In intercourse with Nature you are dealing with things at first hand, and you get a rule, a standard, that serves you through life. You are dealing with primal sanities, primal honesties, primal attraction; you are touching at least the hem of the garment with which the infinite is clothed, and virtue goes out from it to you. It must be added that you are dealing with primal cruelty, primal blindness, primal wastefulness, also. Nature works with reference to no measure of time, no bounds of space, and no limits of material. Her economies are not our economies. She is prodigal, she is careless, she is indifferent; yet nothing is lost. What she lavishes with one hand, she gathers in with the other. She is blind, yet she hits the mark because she shoots in all directions. Her germs fill the air; the winds and the tides are her couriers. When you think you have defeated her, your triumph is hers; it is still by her laws that you reach your end.
We make ready our garden in a season, and plant our seeds and hoe our crops by some sort of system. Can any one tell how many hundreds of millions of years Nature has been making ready her garden and planting her seeds?

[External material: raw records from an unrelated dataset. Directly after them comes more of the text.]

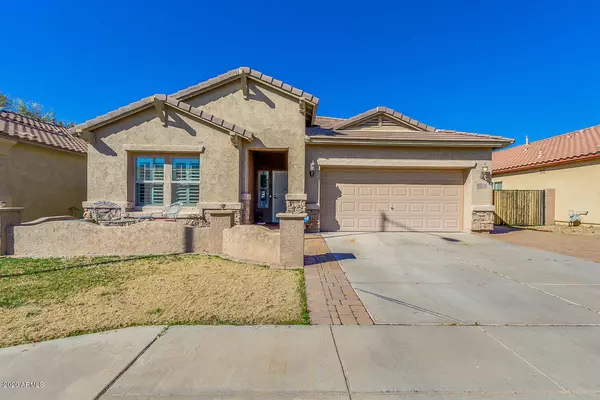 4660 S HASSETT --, Mesa, AZ 85212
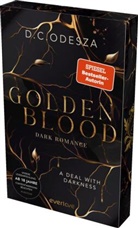 D C Odesza, D. C. Odesza, D.C. Odesza - Golden Blood - A Deal with Darkness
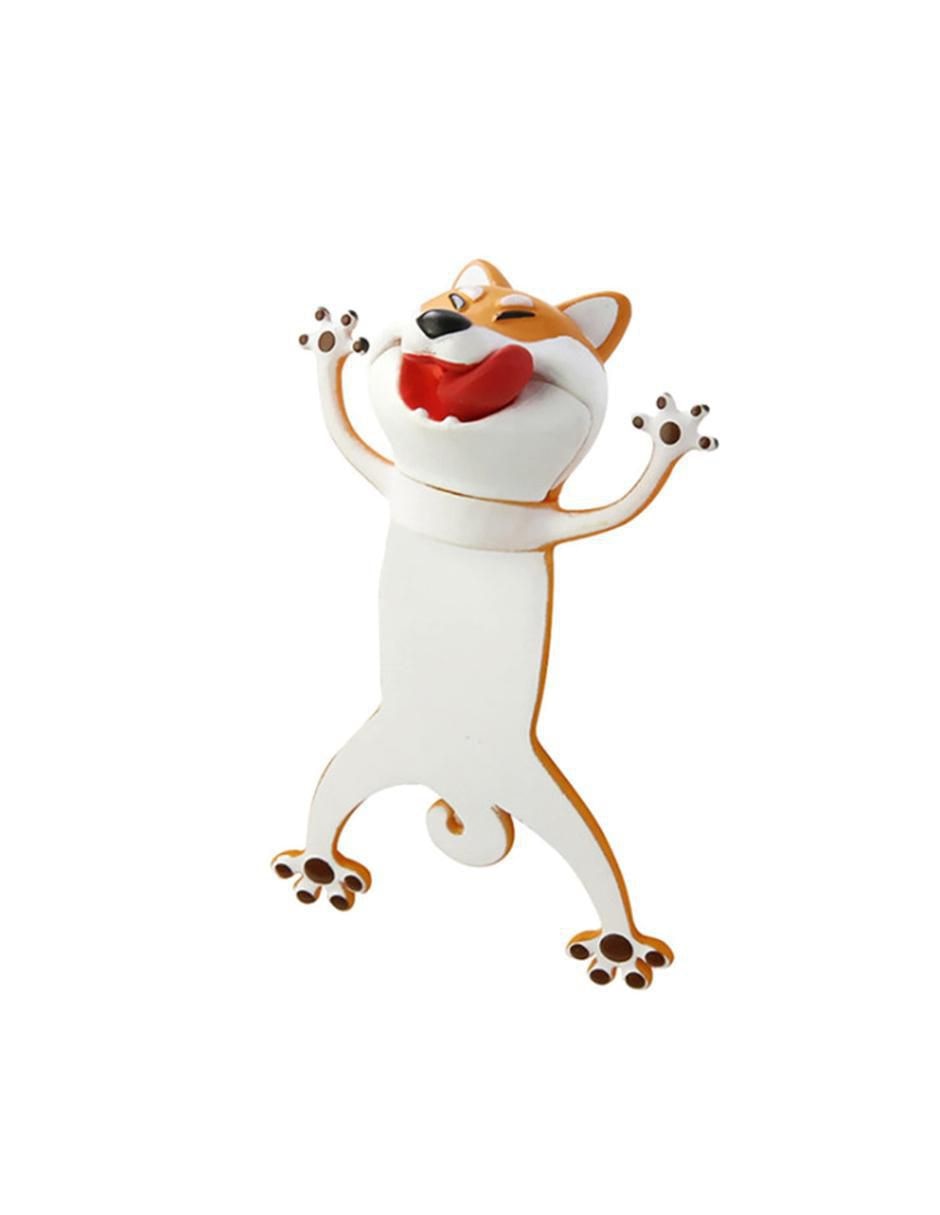 Separador Animales 3D Perro 2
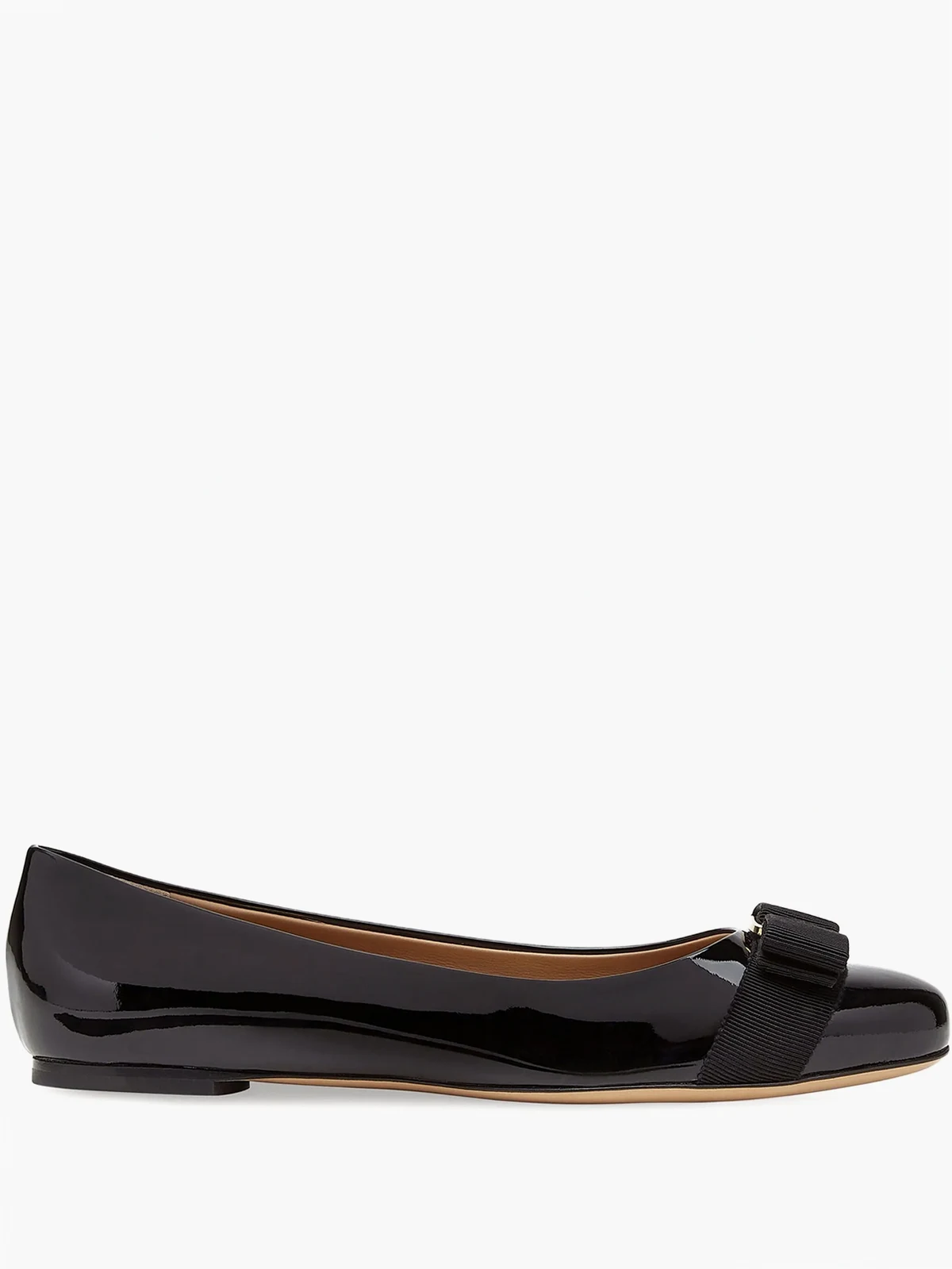 Varina Ballerinas aus Lackleder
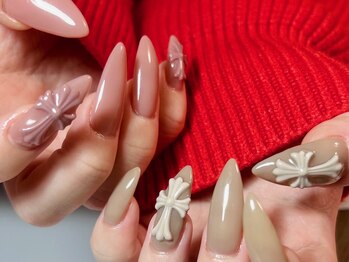 514ネイル(514 nail)/持ち込みdazzling 9,000yen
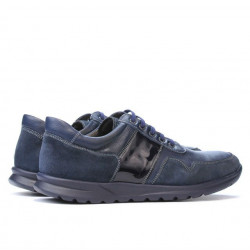 Pánské sportovní boty 846 indigo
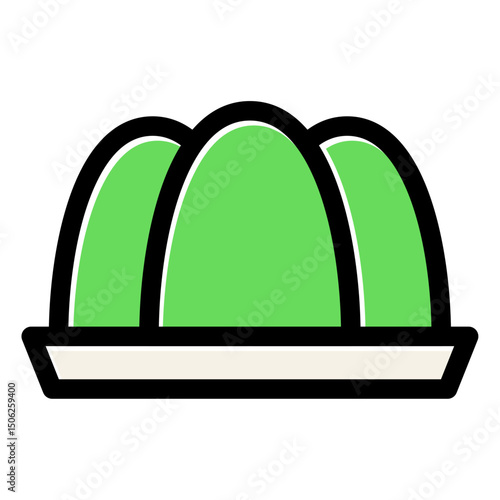 jelly icon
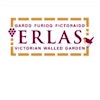 Logotipo de Erlas Victorian Walled Garden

There can be little doubt, I think, but that intercourse with Nature and a knowledge of her ways tends to simplicity of life. We come more and more to see through the follies and vanities of the world and to appreciate the real values. We load ourselves up with so many false burdens, our complex civilization breeds in us so many false or artificial wants, that we become separated from the real sources of our strength and health as by a gulf.